Subject: Re: Precompiled vax packages anyone?
To: Michael Sokolov <sokolov@alpha.CES.CWRU.Edu>
From: None <zach@acsu.buffalo.edu>
List: port-vax
Date: 02/23/1998 11:33:44
Oh Oh. Let me! This is an RTFM problem (of sorts!)
> > > - Take NFS from HPBSD 1.x. NFS is absolutely essential for UNIX
> > > "clusters". HPBSD 1.x is 4.3BSD vintage, so this should not introduce
> > > any impurity problems.
> > >
> > This would exclude NFS3 which has some real gains.
> >
> > Hmm, if you go the SunOS route for NFS support that is going to
> > introduce 'vfs' layers to support non ffs filesystems. I think
> > there may be quite a bit of 'impurity' there, though it would make
> > supporting cd9660 and other filesystems much easier.
>
> Does SunOS use the VFS layer?
-> uname -s -r
SunOS 4.1.3
-> more sys/vnode.h
/* @(#)vnode.h 2.43 89/05/16 SMI */
/*
* The vnode is the focus of all file activity in UNIX.
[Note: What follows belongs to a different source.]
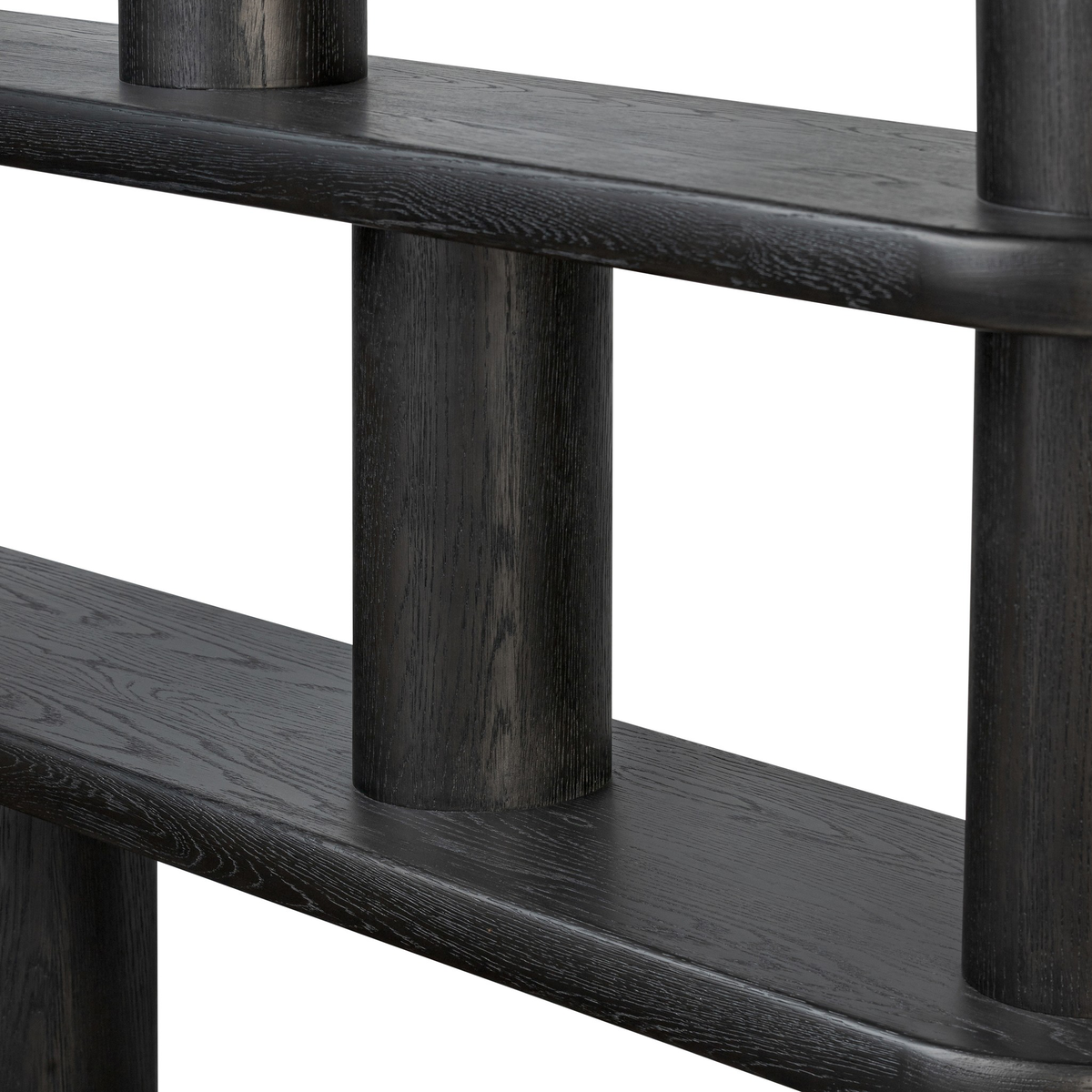 #color_ebony-oak-veneer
* There is a unique vnode allocated for each active file, each current
* directory, each mounted-on file, each mapped file, and the root.
*/
#ifndef _sys_vnode_h
#define _sys_vnode_h
Oh, and please don't try to say that 'vnode' isn't 'vfs'...
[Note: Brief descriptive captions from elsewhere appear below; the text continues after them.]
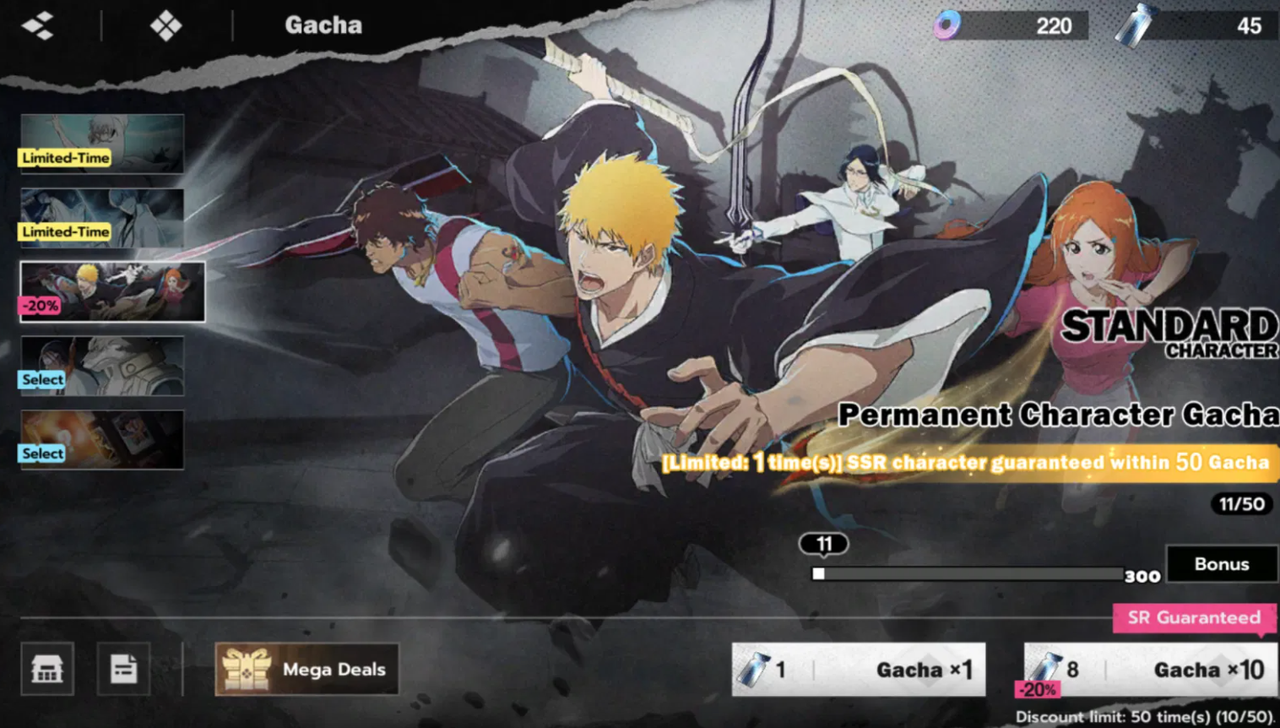 Screenshot 2026 01 21 180111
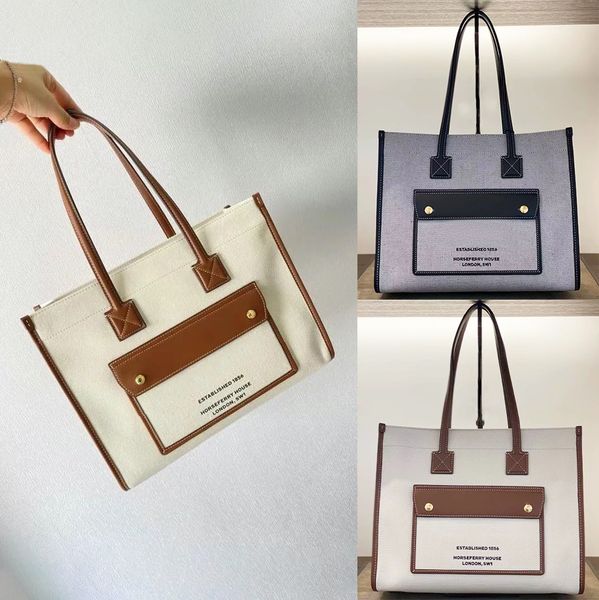 womens underarm bags clutch designer cross body stuff sacks canvas hobo totes linen handle bag shoulder bag organizer travel handbags toilet
womens underarm bags clutch designer cross body stuff sacks canvas hobo totes linen handle bag shoulder bag organizer travel handbags toilet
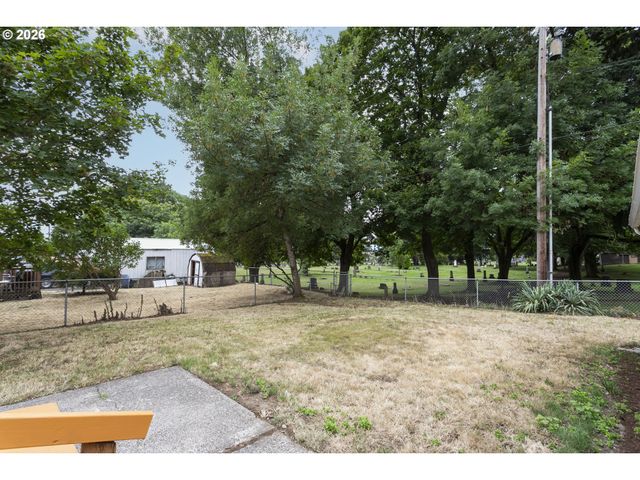 1108 GRAND Blvd, Vancouver, WA 98661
The vfs *layer* is an abstraction of all filesystems, which then go
under it, and the vnode is in a sense an abstraction of the inode. You
won't find a disk with vfs *on* it, it's a kernel thing.
-> more sys/vfs.h
/* @(#)vfs.h 2.24 88/08/19 SMI */
/*
* File system identifier. Should be unique (at least per machine).
*/
#ifndef _sys_vfs_h
#define _sys_vfs_h
(hmm. as I recall header files were an option that could be
installed on any SunOS machine, even after the os was installed!)